_WHAT YOU WILL DO_
Leaving out the pictures, write out exactly each line from the line with "Apartment Playa's Golden" through the close of the listing below.

_SUPPLIED MATERIAL_
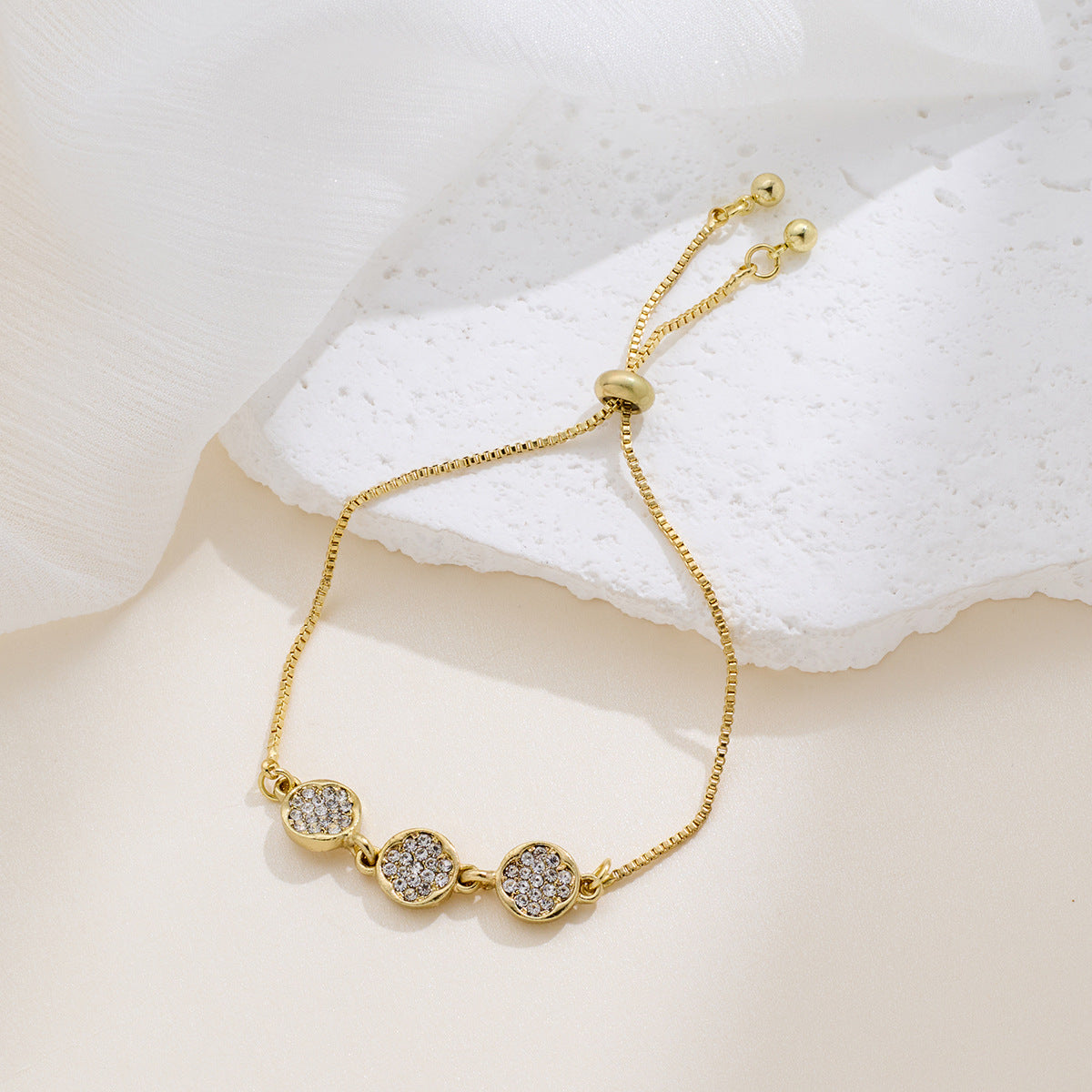 Women's Light Luxury Cold Style Metal Design Classic Vintage Bracelets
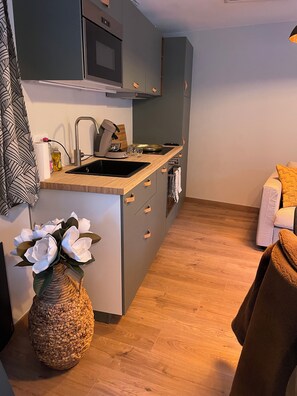 Fridge, microwave, oven, stovetop - Love Room - Romantic interlude with private spa (Le Perrier)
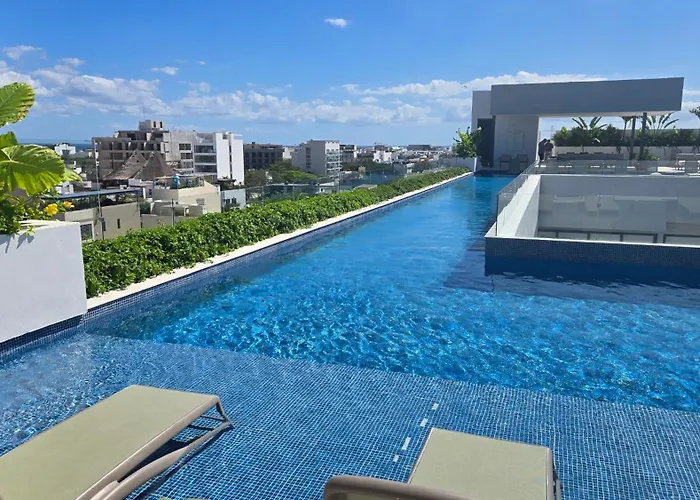 Apartment Playa's Golden Area -- Casa Omega 2br 2ba Tropical Retreat, Beach, Infinite Pool, Gym *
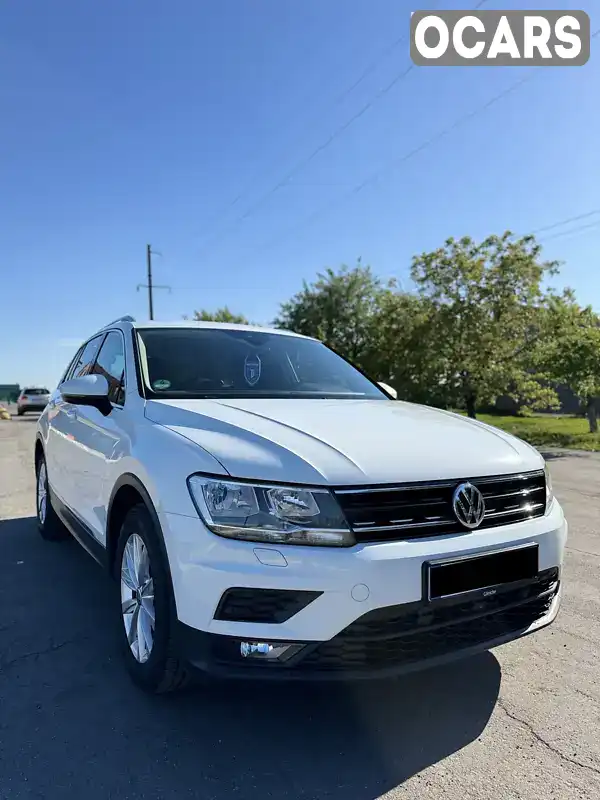 Внедорожник / Кроссовер Volkswagen Tiguan 2017 1.98 л. Ручная / Механика обл. Сумская, Сумы - Фото 1/21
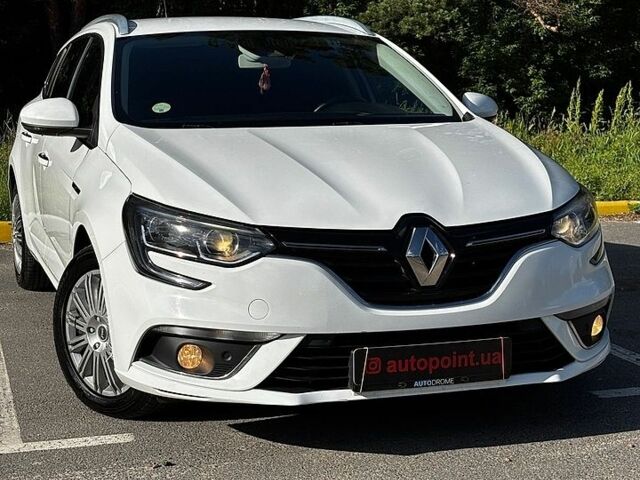 Белый Рено Меган, объемом двигателя 1.46 л и пробегом 216 тыс. км за 12999 $, фото 3 на Automoto.ua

_RESPONSE_
 Apartment Playa's Golden Area -- Casa Omega 2br 2ba Tropical Retreat, Beach, Infinite Pool, Gym *
 Внедорожник / Кроссовер Volkswagen Tiguan 2017 1.98 л. Ручная / Механика обл. Сумская, Сумы - Фото 1/21
 Белый Рено Меган, объемом двигателя 1.46 л и пробегом 216 тыс. км за 12999 $, фото 3 на Automoto.ua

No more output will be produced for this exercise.